Dat kun je soms zien in de verhouding tussen ouders en kinderen. Als je kijkt naar de omgang van de generaties met elkaar, dan zie je soms gebeuren dat ouders zich vastklampen aan hun opgroeiende kinderen. Ze zien in die kinderen de steun en de zin van hun eigen leven en ze omringen die kinderen met de grootst mogelijke zorg omdat zij de betekenis van hun bestaan aan die kinderen ontlenen. Ze houden hun kinderen vast en ze omringen ze met alle mogelijke maatregelen om te voorkomen dat ze ten prooi zouden vallen aan de harde omgeving om hen heen. Het geringste kwaad dat hun kind overkomt, de kleinste afwijking van het patroon dat zij hun kinderen hebben willen inprenten, ze zien het als een ernstige inbreuk op hun eigen leven en de verwachtingen die zij ten aanzien van het kind koesteren. Niet zelden vervreemden kinderen zich van zulke ouders. Ze stikken op den duur in het door hun vader en moeder in stand gehouden zorggetto. De kinderen krijgen hun vrijheid pas terug als vader en moeder hebben geleerd dat zij hun bestaan aan henzelf moeten ontlenen en niet aan hun kinderen. Als zij hebben begrepen dat zij hun kinderen moeten vrijlaten en zij, wat zij daardoor hebben opgeofferd, uiteindelijk veel overvloediger terugkrijgen.

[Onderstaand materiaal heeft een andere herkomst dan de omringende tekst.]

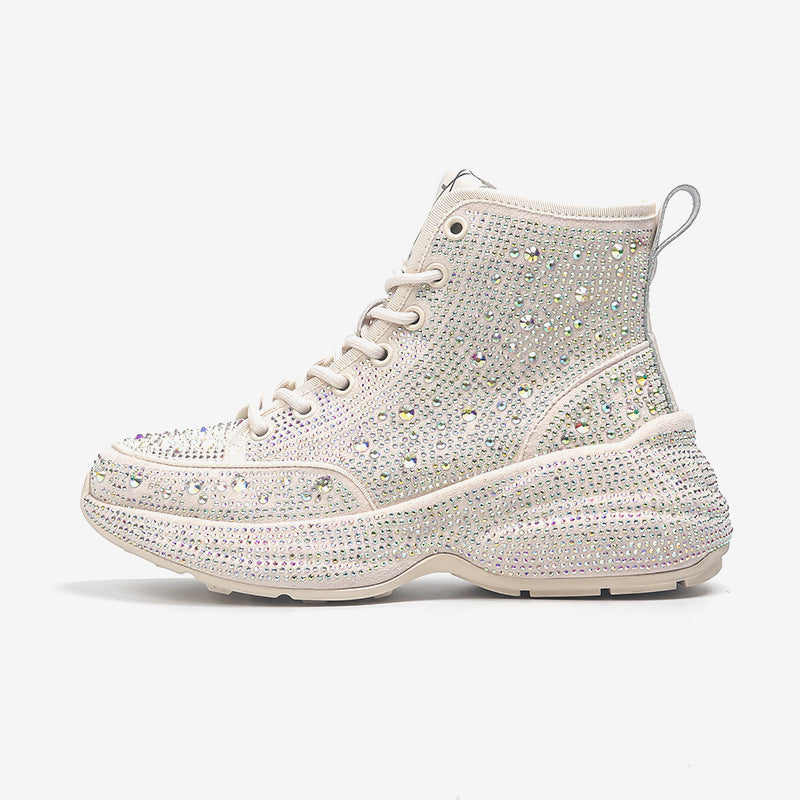 Increased Genuine Leather All-match Sports Casual Shoes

Als je het offer van Abraham zo leest, dan is het een verhaal dat ons wil zeggen dat je voor het vinden van jezelf afstand zal moeten doen van wat je het meest dierbaar toeschijnt. Pas dan kom je in aanmerking voor Gods zegen. Wij kunnen alleen maar behouden wat wij weggeven.

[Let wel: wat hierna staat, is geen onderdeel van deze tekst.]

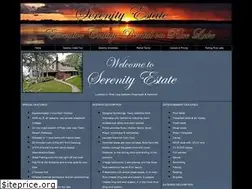 Sites similar to serenityestate.ca
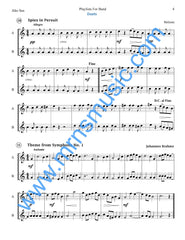 Playlists For Band Alto Saxophone Book (Student Book Only)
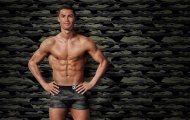 Ronaldo và những ngôi sao sở hữu thân hình chuẩn nhất làng bóng đá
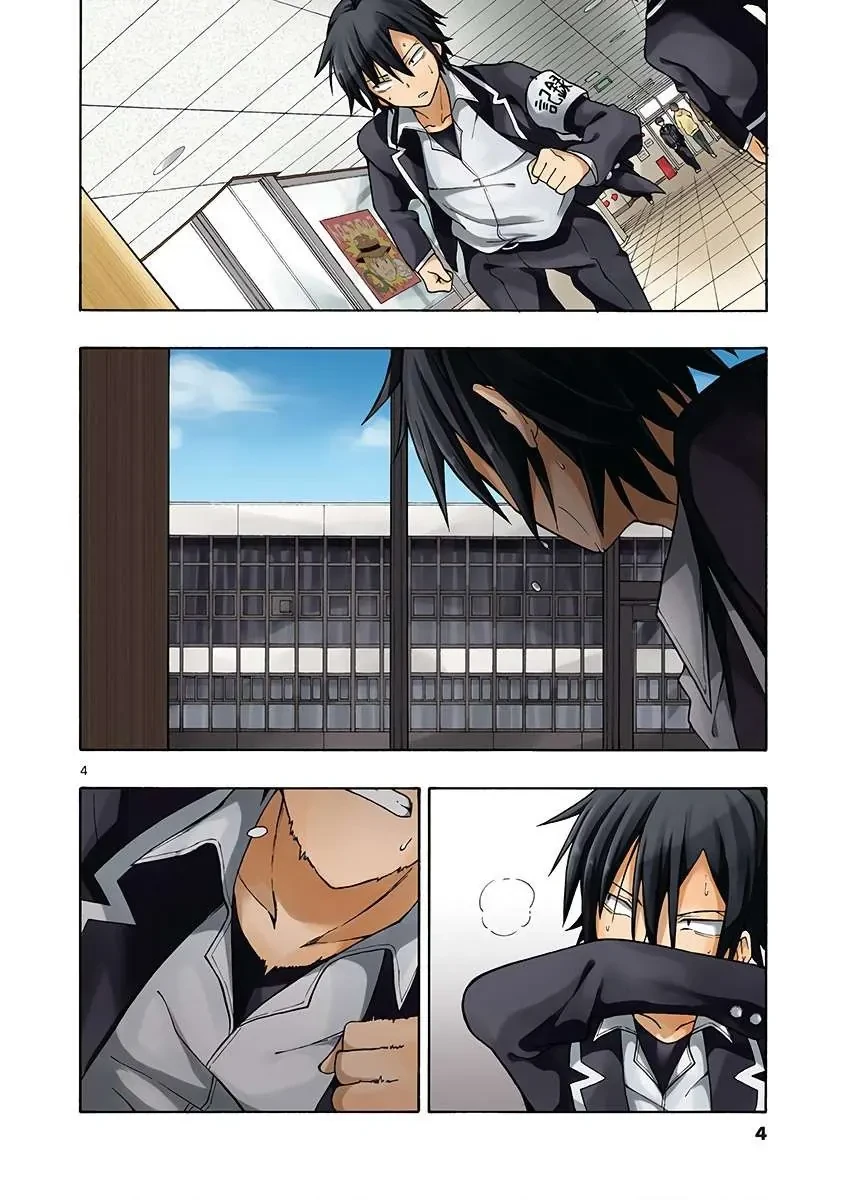 Chuyện Tình Thanh Xuân Bi Hài Của Tôi Quả Nhiên Là Sai Lầm @Comic Chapter 42 - 3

Alleen wat we vrijlaten zal bij ons blijven en alleen wat we opoffferen zal ons geschonken worden. Op die - innerlijke manier gelezen - is het offer van Abraham een wijze en grootse vertelling. En van een diepe religiositeit omdat de God die dan spreekt, niet meer van buiten komt, geen geheimzinnige gedaante tegenover ons is, maar een diep geheim is dat zich in onszelf verbergt.